3.2. Heimat als unmittelbarer Lebensraum: „Kein Thal, so reich und mild…“

Mit dem Abflauen der Alldeutschen Bewegung rückt die Tiroler Heimat dem Dichter als Motivgeberin näher.  Arthur von Wallpach unternimmt zahlreiche Wanderungen. Eindrücke, die er dabei gewinnt, gibt er in vielen Gedichten wieder. Auch Klausen und seine Umgebung bilden den Inhalt zahlreicher naturhafter Gedichte. Ein Beispiel: „Urväterstädtchen, ritterlich bewehrt,/ Darüber Burg und Fels in kühnen Linien,/Von Kunst und Dichtung wardst du hold verklärt,/Schwellend im Sonnenglücke der Glyzinien.“ (Ob, S. 82).
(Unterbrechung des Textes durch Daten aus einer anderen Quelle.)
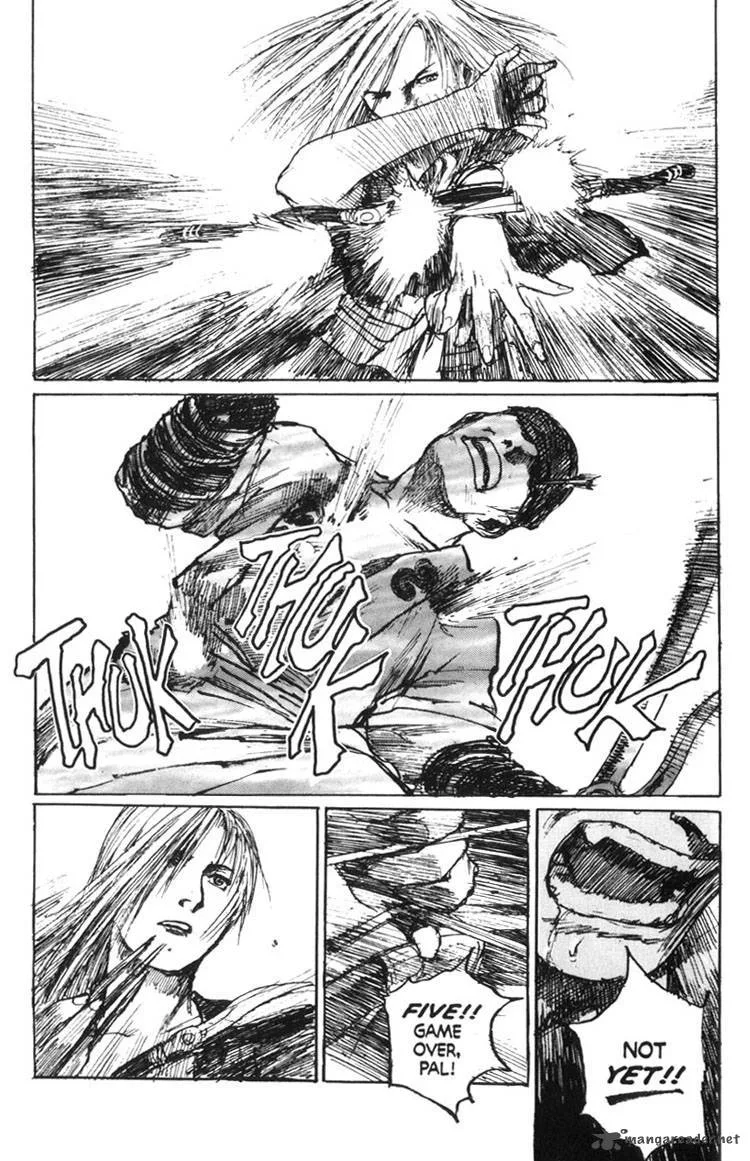Blade of the Immortal Chapter 44 page 9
Das häusliche Glück, das A.v.W. durch die Heirat mit Thilda gefunden hatte, spiegelt sich in verschiedenen Gedichten wider. Ein Beispiel („Mannesglück“) aus dem Jahr 1900: „Ich weiß kein Thal, so reich und mild“….Nie sah im Traum ich hold’re Frau,/Als ich sie in mein Eh’bett trug -/Mein Weib, mein Haus, Anger und Au,/Das ist mein Glück – Glückes genug.“ Das Verständnis von „Heimat“ wird in vielen Gedichten auch um Sagen- und Legendenstoffe erweitert. A.v.W. weiß sich dem rätischen Erbe des Landes verbunden. Doch auch auf die von der Irredenta-Bewegung erhobene Forderung nach einer Teilung Tirols geht Arthur von Wallpach in Gedichten ein. Ein Beispiel: „Erwach, erwache Vaterland,/vernimm den treuen Warnerschrei!/Der Alpenhang, der Südlandstrand,/er bleibe deutsch, er bleibe frei!“ (T.B., 1908, S. 61).

 

3.3. Bedrohte Heimat und Erster Weltkrieg: Der welsche Verräter

Während die Expressionisten und andere Zeitgenossen in dumpfen Ahnungen  die Gefahr  eines Krieges herauf dräuen sahen,  hat Arthur von Wallpach, „den Krieg, namentlich den gegen den beutegierigen, tilckischen welschen Erbfeind schon in Friedenszeiten mit ganzem Herzen herbeigesehnt“ schreibt ein Rezensent  seines Gedichtbandes „Wir brechen durch den Tod“. Gedichte aus dem Felde (1916 erschienen). Bereits im Gedichtband „Heiliges Land“ (Gedichte zwischen 1909 und 1911 entstanden, 1914 erschienen) findet sich ein Gedicht mit dem Titel „Gebet um den Krieg“, das auf den 30.10.1911 datiert ist: „Wie Schafe in der Hürde/So sind wir feig und träg./O nimm von uns die Bürde/Des übeln Friedens weg!/ …Weiber und Priester ächzen/Um Frieden bang und zag -/Walvater, sieh, wir lechzen/Nach Malmers Wetterschlag.“ Auch in den folgenden Versen sieht A.v. Wallpach das Heil in der Männerschlacht: „O kommt, ihr harten Tage, bittres Darben,/Willkommen, Notzeit, die zu Helden macht,/Daß noch einmal Tyrol die Flammengarben/Der Edelfreiheit schleudre in die Nacht.“ (H.L., S. 99)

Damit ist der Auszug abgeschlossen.